As an alternative to 911 calls, Minneapolis’s 18-year-old 311 service allows residents to call for help in non-emergency situations like graffiti, street light outages or parking violations.
As part of their March 7 presentations to the Minneapolis City Council, the 311 Service Center outlined efforts to increase their footprint and awareness in the city.
In Ward 2, the most common 311 calls are parking violations, potholes, graffiti reports, abandoned vehicles and snow and ice complaints. The University of Minnesota is one of the six neighborhoods in Ward 2.
Through a phone call, email or the 311 app, residents can report instances.
Once contacted, the 311 Service Center transfers the issue to the relevant department. The majority of issues are resolved within seven to 10 days.
311 hearing calls for improvement
In 2023, there were 10,000 more 311 calls than in 2022. While the use of the 311 service is increasing, the feeling of improvement is not.
Marcy Holmes Neighborhood Association Executive Director Chris Lautenschlager said while he could call 311, the service is too slow to reliably deal with local issues.

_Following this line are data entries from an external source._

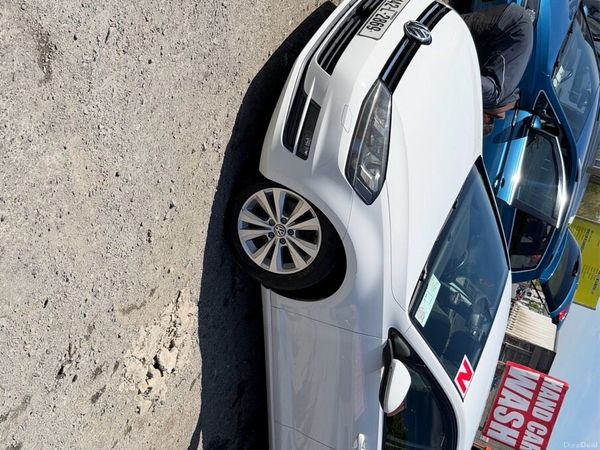 Volkswagen Golf Hatchback, Petrol, 2014, White
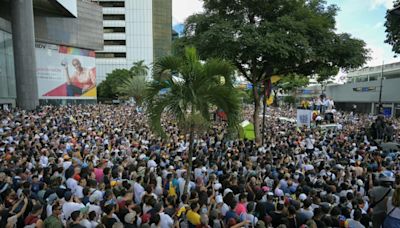 Maduro promete entregar actas de votación y dice que opositores deben estar "tras las rejas"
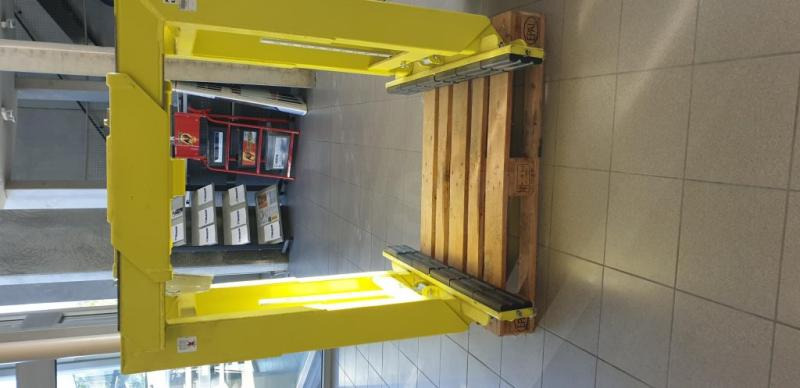 TIZMAR PIBR - HYDR. GRIJPER 2500 KG - Klemme: afbeelding 1 TIZMAR PIBR - HYDR. GRIJPER 2500 KG - Klemme: afbeelding 1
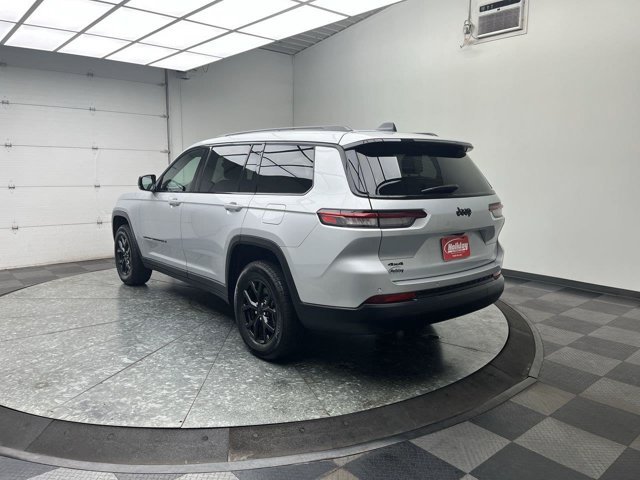 Used 2025 Silver Zynith Jeep Altitude X image 34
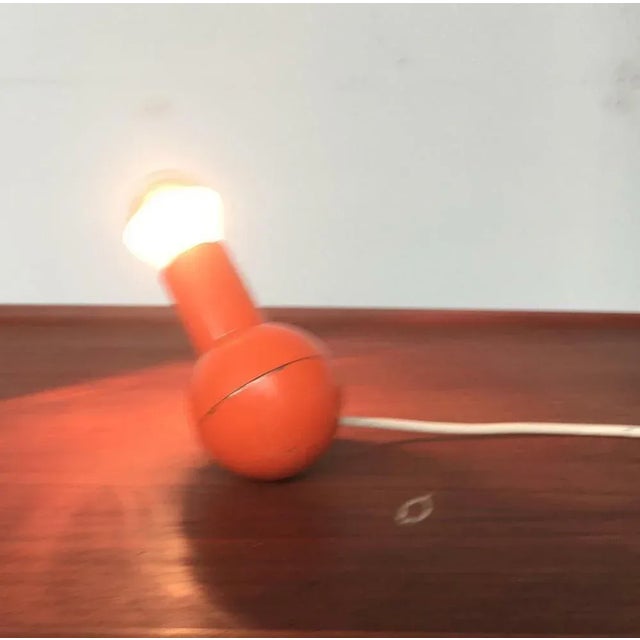 A very simple design. The ball and illuminants form an optical and real balance. The weight in the ball can be updated...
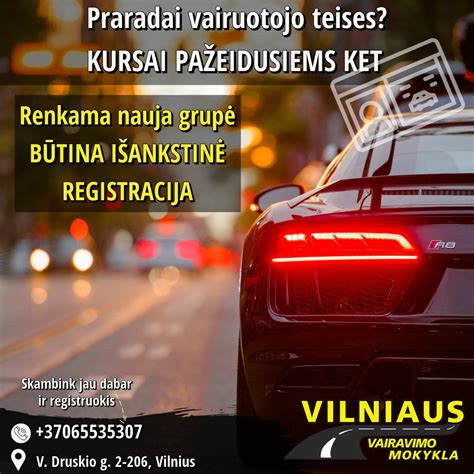 Nuotrauka su grupe besišypsančių vairavimo instruktorių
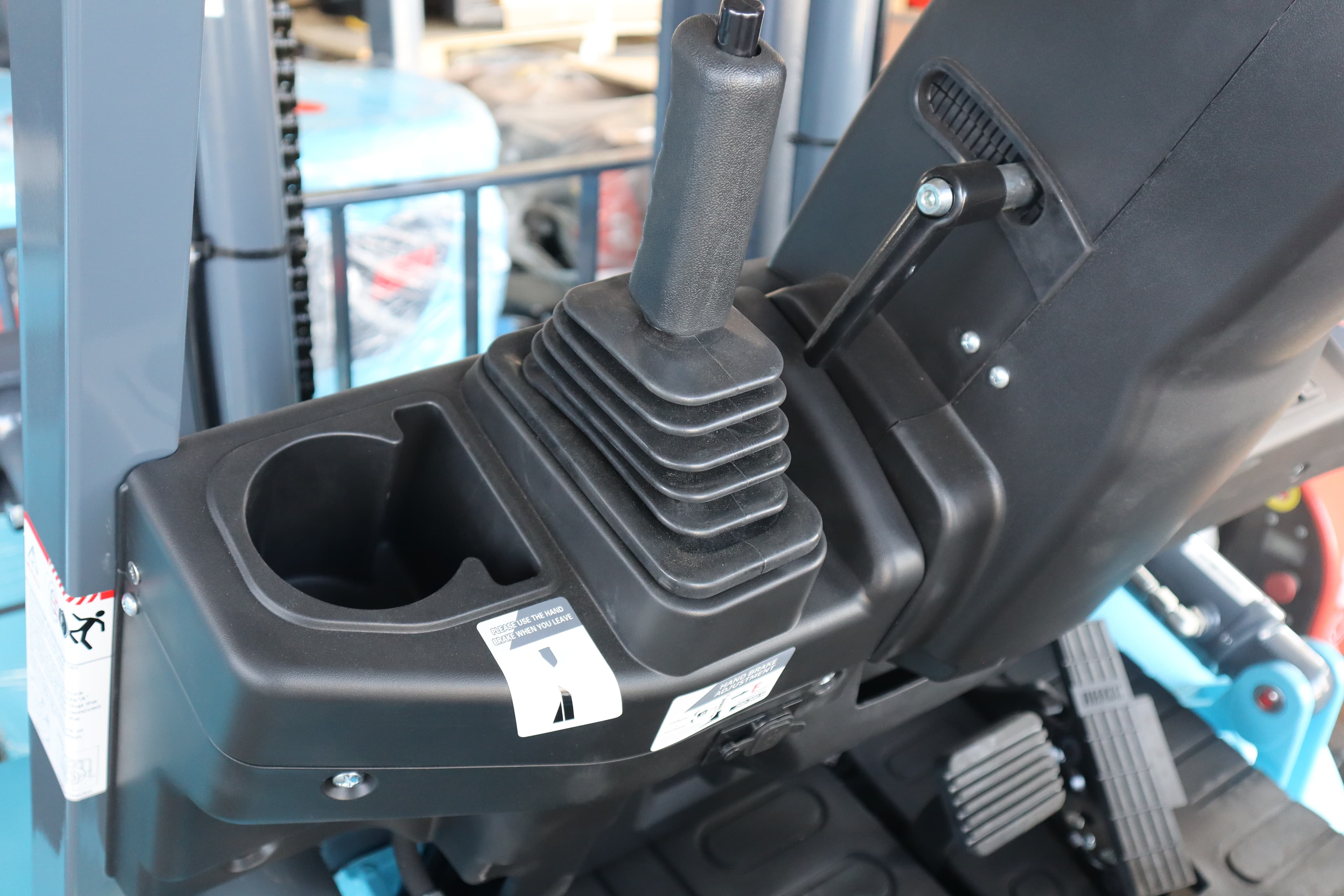 Lithium Battery Forklift - Model 9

“We feel like our calls about 311, whether that’s snow shoveling or especially now with lighting, which has been a significant problem in not only the city but the entire metro with people stealing wires out of streetlights, is that these calls don’t get answered,” Lautenschlager said.
Lautenschlager said the neighborhood association is facing growing concerns about street light shortages.
“We have had a significant power outage in Marcy Holmes for over three months, and all our elected officials tell us is to call 311 and make a report. In the meantime, we’ve had three months of darkness in Marcy Holmes,” Lautenschlager said.
According to Brenna Phelps, the operations director at the 311 Service Center, the difficulties around the center were due to low staffing.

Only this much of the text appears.